Re: [RFC 00/60] Coscheduling for Linux

From: Jan H. SchÃnherr
Date: Wed Sep 26 2018 - 05:36:01 EST

On 09/17/2018 03:37 PM, Peter Zijlstra wrote:
> On Fri, Sep 14, 2018 at 06:25:44PM +0200, Jan H. SchÃnherr wrote:
>> With gang scheduling as defined by Feitelson and Rudolph [6], you'd have to
>> explicitly schedule idle time. With coscheduling as defined by Ousterhout [7],
>> you don't. In this patch set, the scheduling of idle time is "merely" a quirk
>> of the implementation. And even with this implementation, there's nothing
>> stopping you from down-sizing the width of the coscheduled set to take out
>> the idle vCPUs dynamically, cutting down on fragmentation.
> The thing is, if you drop the full width gang scheduling, you instantly
> require the paravirt spinlock / tlb-invalidate stuff again.

Can't say much about tlb-invalidate, but yes to the spinlock stuff: if
there isn't any additional information available, all runnable tasks/vCPUs
have to be coscheduled to avoid lock holder preemption.

With additional information about tasks potentially holding locks or
potentially spinning on a lock, it would be possible to coschedule smaller
subsets -- no idea if that would be any more efficient though.

> Of course, the constraints of L1TF itself requires the explicit
> scheduling of idle time under a bunch of conditions.

That is true for some of the resource contention use cases, too. Though,
they are much more relaxed wrt. their requirements on the simultaneousness
of the context switch.

> I did not read your [7] in much detail (also very bad quality scan that
> :-/; but I don't get how they leap from 'thrashing' to co-scheduling.

In my personal interpretation, that analogy refers to the case where the
waiting time for a lock is shorter than the time for a context switch --
but where the context switch was done anyway, "thrashing" the CPU.

Anyway. I only brought it up, because everyone has a different
understanding of what "coscheduling" or "gang scheduling" actually means.
The memorable quotes are from Ousterhout:

"A task force is coscheduled if all of its runnable processes are exe-
cuting simultaneously on different processors.

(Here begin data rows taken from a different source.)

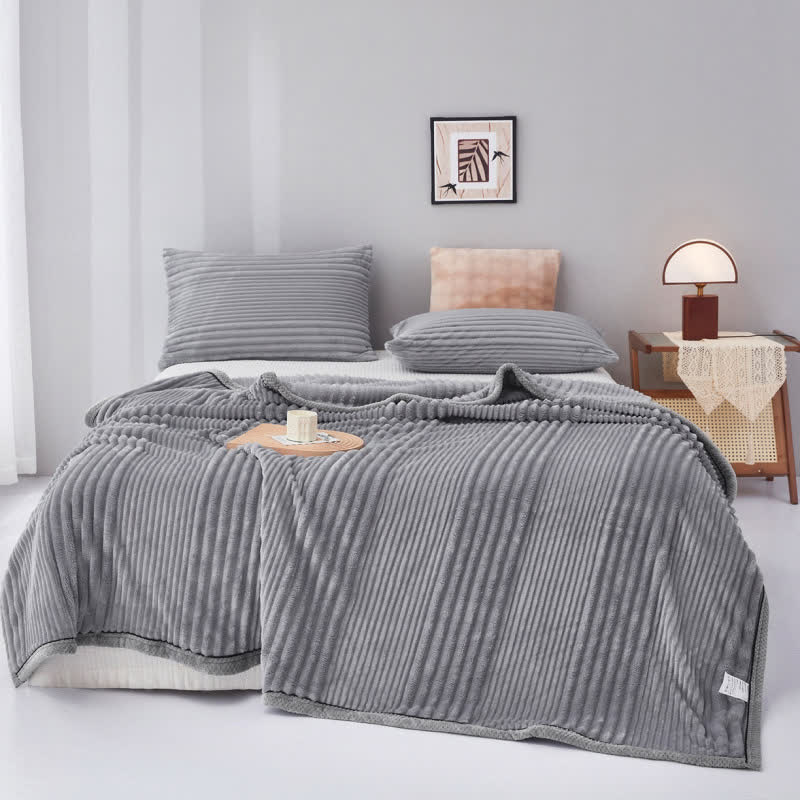 Solid Color Striped Plush Throw Blanket - Light Gray - Queen - image 15
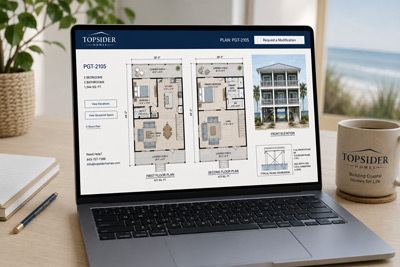 Design Your Custom Topsider House Plan Online Laptop displaying a Topsider two-story piling house plan online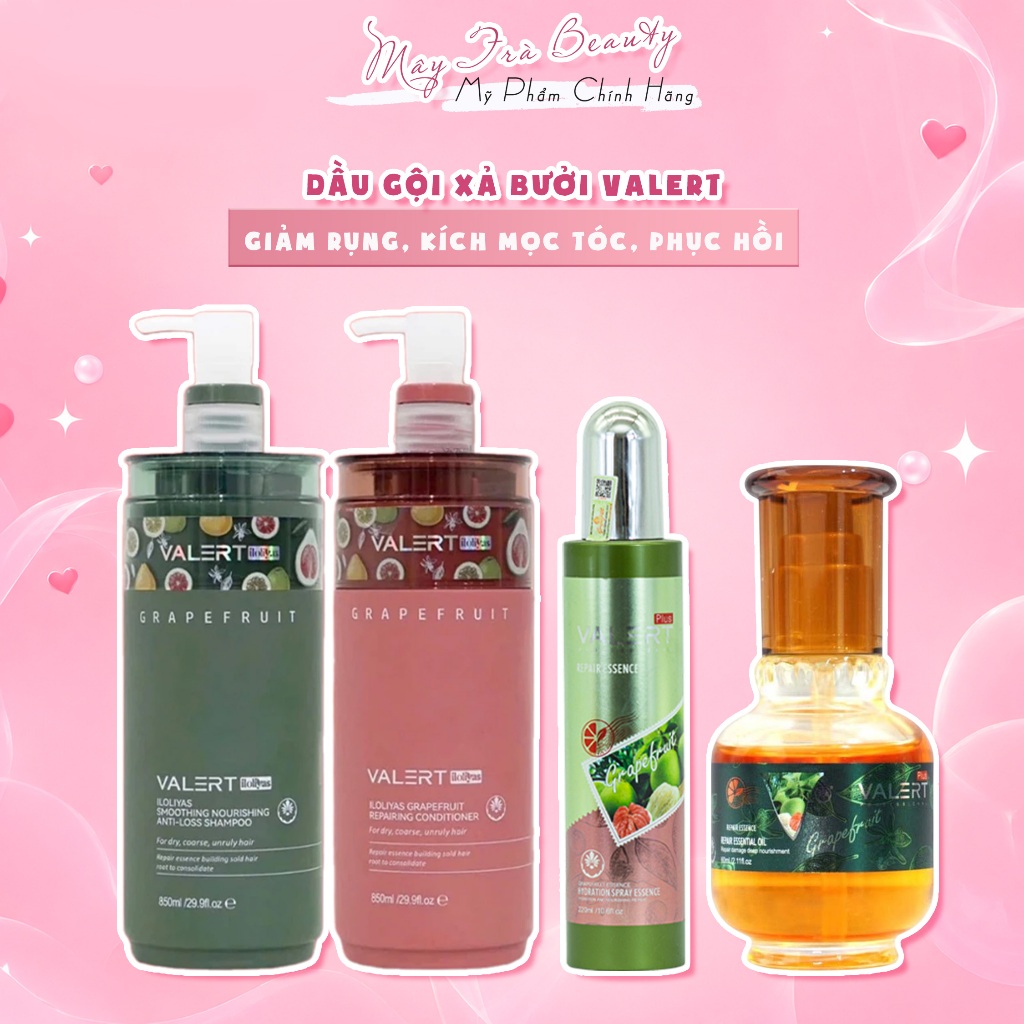 Dầu Gội, Xả Bưởi VALERT GRAPEFRUIT Phục Hồi, Giảm Rụng, Giúp Mọc Tóc 850ml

Each of the processes
in that task force is also said to be coscheduled."

(where a "task force" is a group of closely cooperating tasks), and from
Feitelson and Rudolph:

"[Gang scheduling is defined] as the scheduling of a group of threads
to run on a set of processors at the same time, on a one-to-one

(with the additional assumption of time slices, collective preemption,
and that threads don't relinquish the CPU during their time slice).

That makes gang scheduling much more specific, while coscheduling just
refers to the fact that some things are executed simultaneously.

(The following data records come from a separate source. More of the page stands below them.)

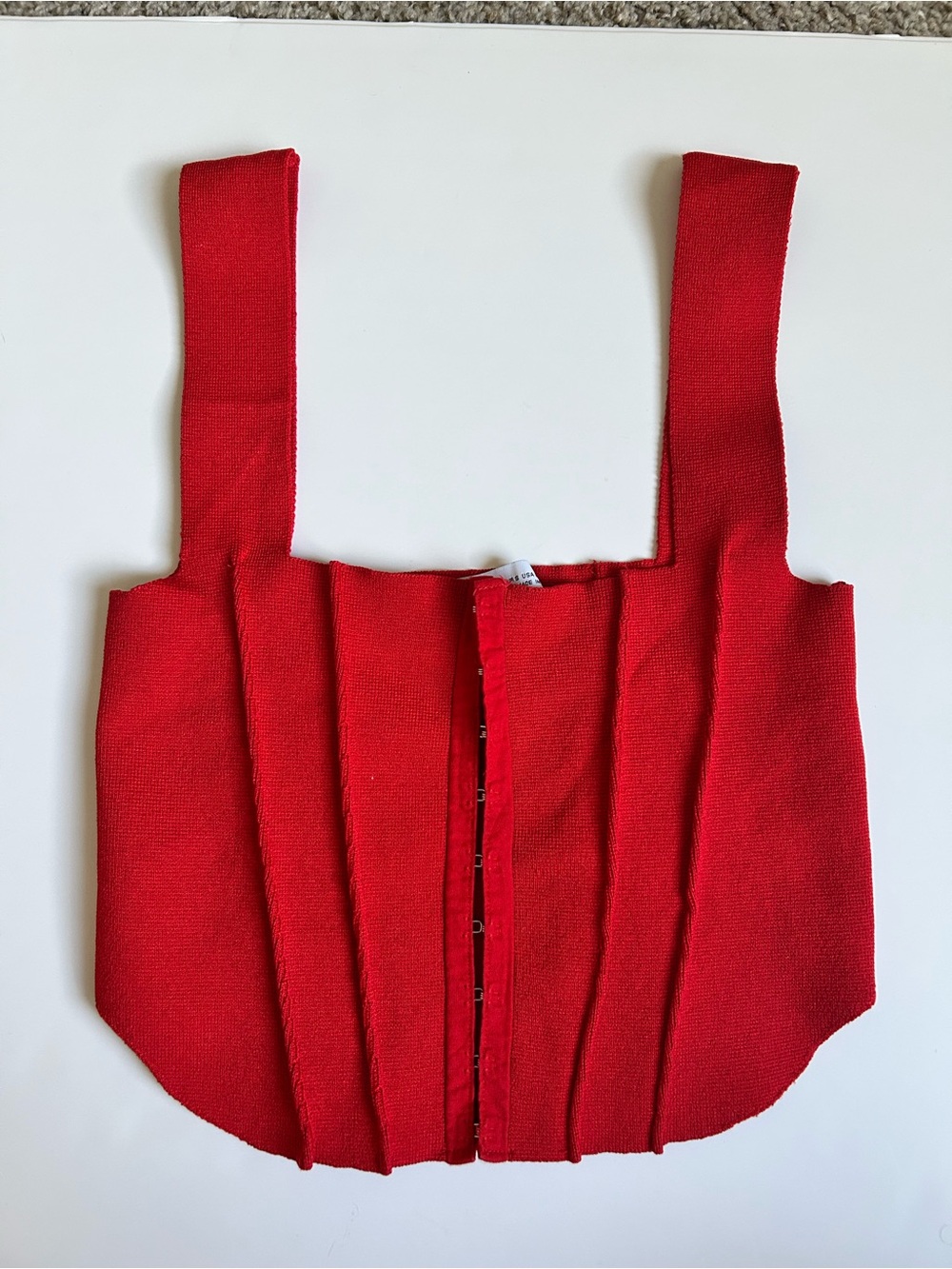 Zara Red Ribbed Corset-Style Crop Top - Picture 2 of 5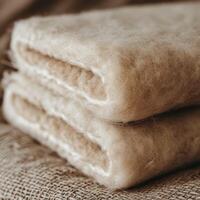 White Stacked Fluffy Wool Blankets photo
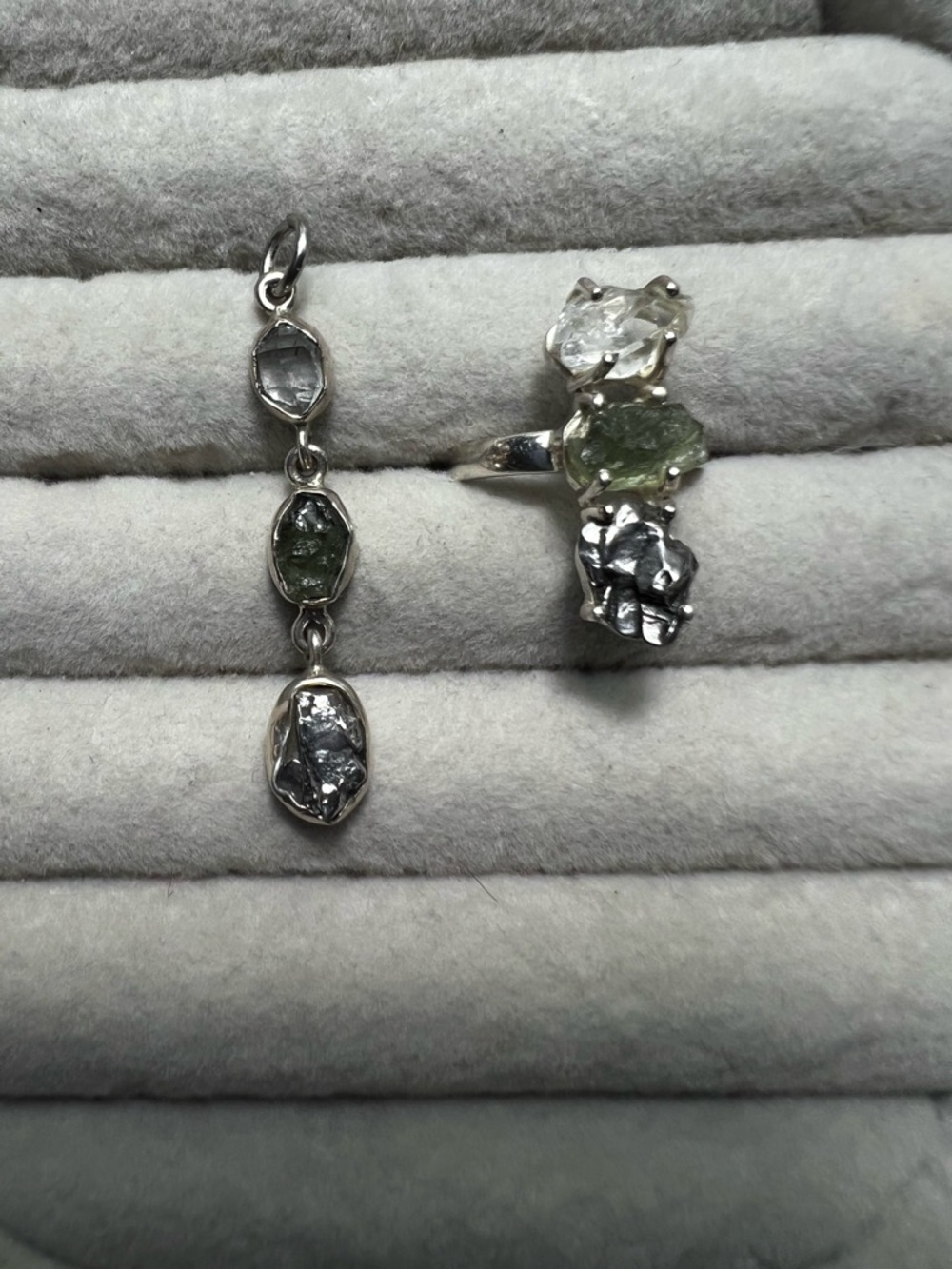 Sterling Silver Herkimer, Moldavite, and Meteorite Gem Drop and Ring Set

> Their initial problem, where A generates data that B needs and the 3
> scenarios:
> 1) A has to wait for B
> 2) B has to wait for A
> 3) the data gets buffered
> Seems fairly straight forward and is indeed quite common, needing
> co-scheduling for that, I'm not convinced.
> We have of course added all sorts of adaptive wait loops in the kernel
> to deal with just that issue.
> With co-scheduling you 'ensure' B is running when A is, but that doesn't
> mean you can actually make more progress, you could just be burning a
> lot of CPu cycles (which could've been spend doing other work).

I don't think, that coscheduling should be applied blindly.

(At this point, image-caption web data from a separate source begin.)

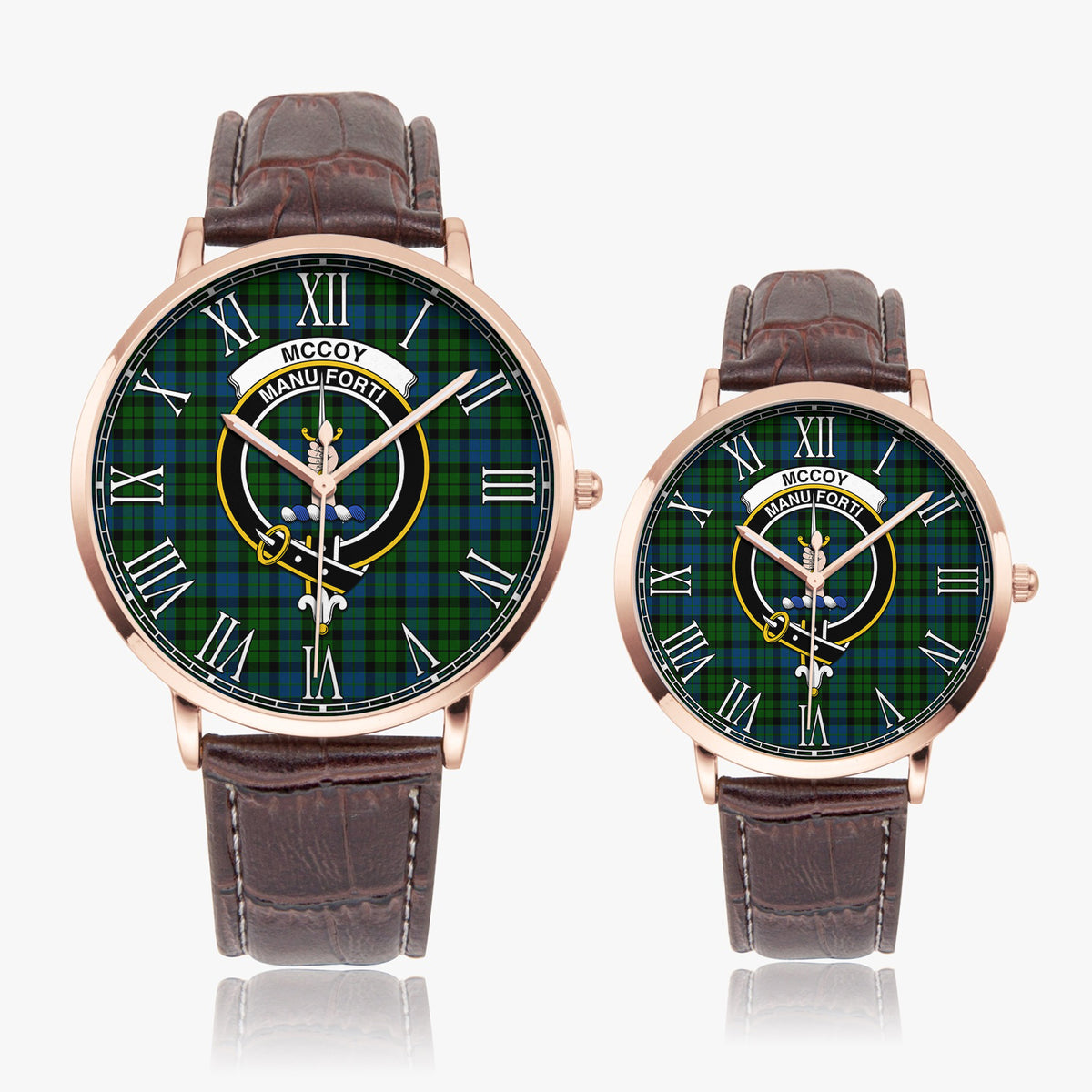McCoy Tartan Family Crest Leather Strap Quartz Watch - Tartan Vibes Clothing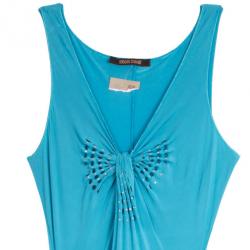 Pre Owned Roberto Cavalli Blue Stretch Long Dress M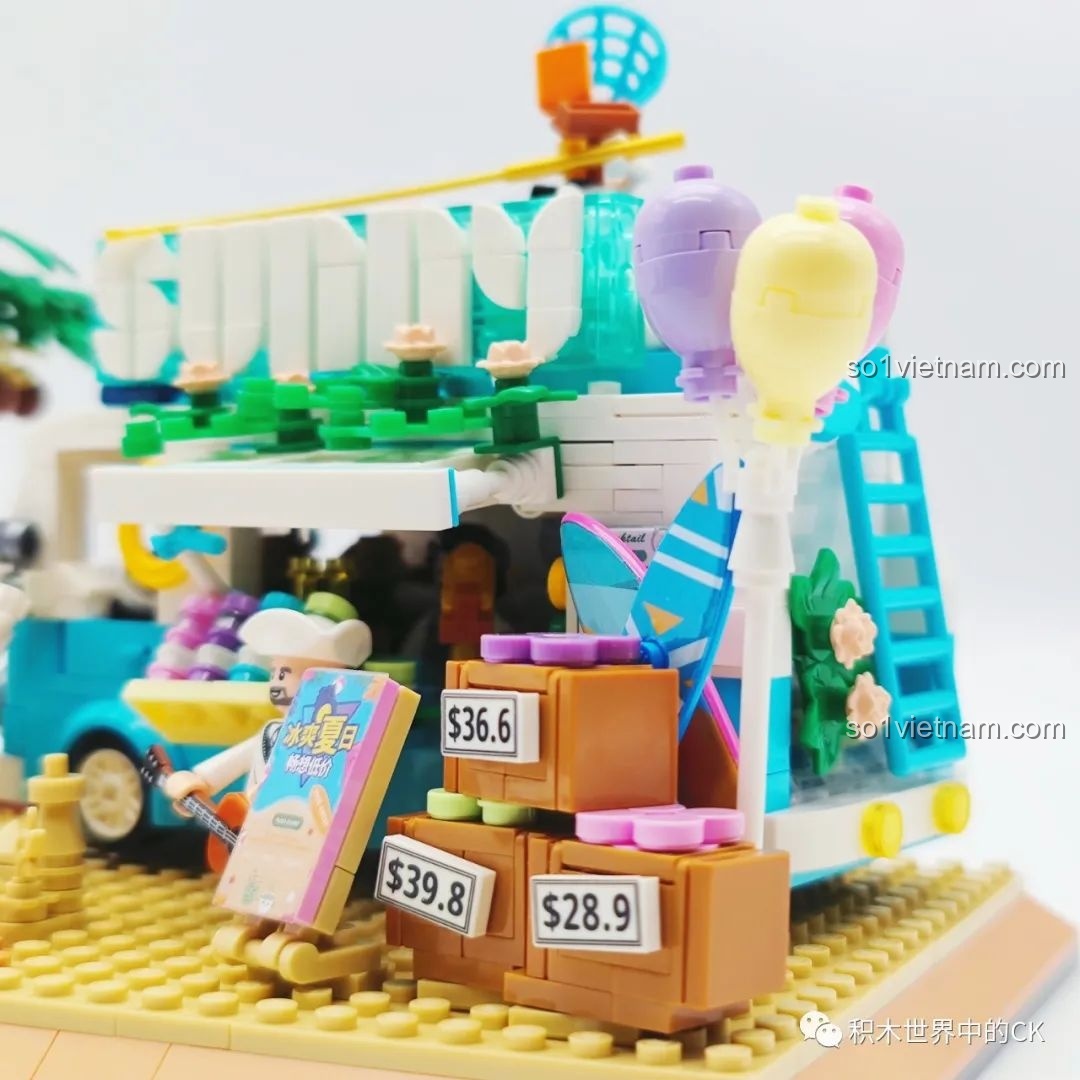 Chi tiết xe kem ZHEGAO 00415, phụ kiện trên nóc xe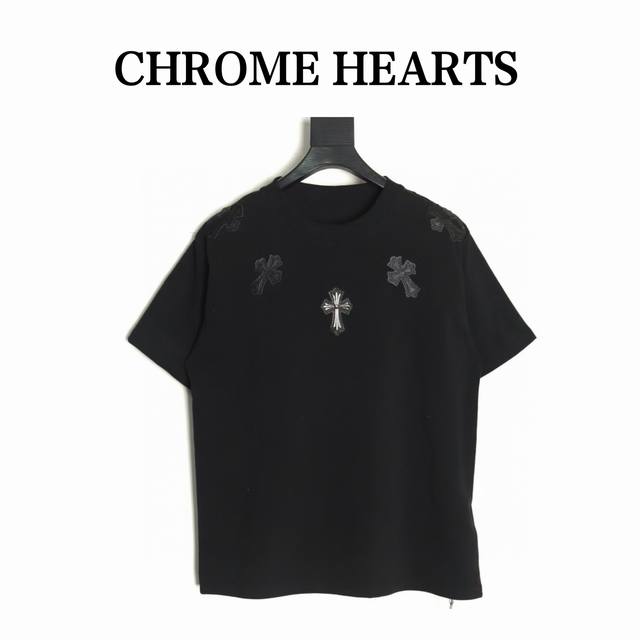 Chrome Hearts 克罗心 领口皮标十字架短袖T恤 采用直喷进口机器印花 五金辅料均开磨定制 正确配置 黑色2025克罗心正品包装 280克定制定染双纱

Just like the adaptive wait loops you mentioned: in the beginning there
was active waiting; it wasn't that great, so passive waiting was invented;
turns out, the overhead is too high in some cases, so let's spin adaptively
for a moment.

We went from uncoordinated scheduling to system-wide coordinated scheduling
(which turned out to be not very efficient for many cases). And now we are
in the phase to find the right adaptiveness. There is work on enabling
coscheduling only on-demand (when a parallel application profits from it)
or to be more fuzzy about it (giving the scheduler more freedom); there is
work to go away from system-wide coordination to (dynamically) smaller
isles (where I see my own work as well). And "recently" we also have the
resource contention and security use cases leaving their impression on the
topic as well.

> I'm also not convinced co-scheduling makes _any_ sense outside SMT --
> does one of the many papers you cite make a good case for !SMT
> co-scheduling? It just doesn't make sense to co-schedule the LLC domain,
> that's 16+ cores on recent chips.

There's the resource contention stuff, much of which targets the last
level cache or memory controller bandwidth. So, that is making a case for
coscheduling larger parts than SMT. However, I didn't find anything in a
short search that would already cover some of the more recent processors
with 16+ cores.

There's the auto-tuning of parallel algorithms to a certain system
architecture. That would also profit from LLC coscheduling (and slightly
larger time slices) to run multiple of those in parallel. Again, no idea
for recent processors.

There's work to coschedule whole clusters, which goes beyond the scope of a
single system, but also predates recent systems. (Search for, e.g.,
"implicit coscheduling").

So, 16+ cores is unknown territory, AFAIK. But not every recent system has
16+ cores, or will have 16+ cores in the near future.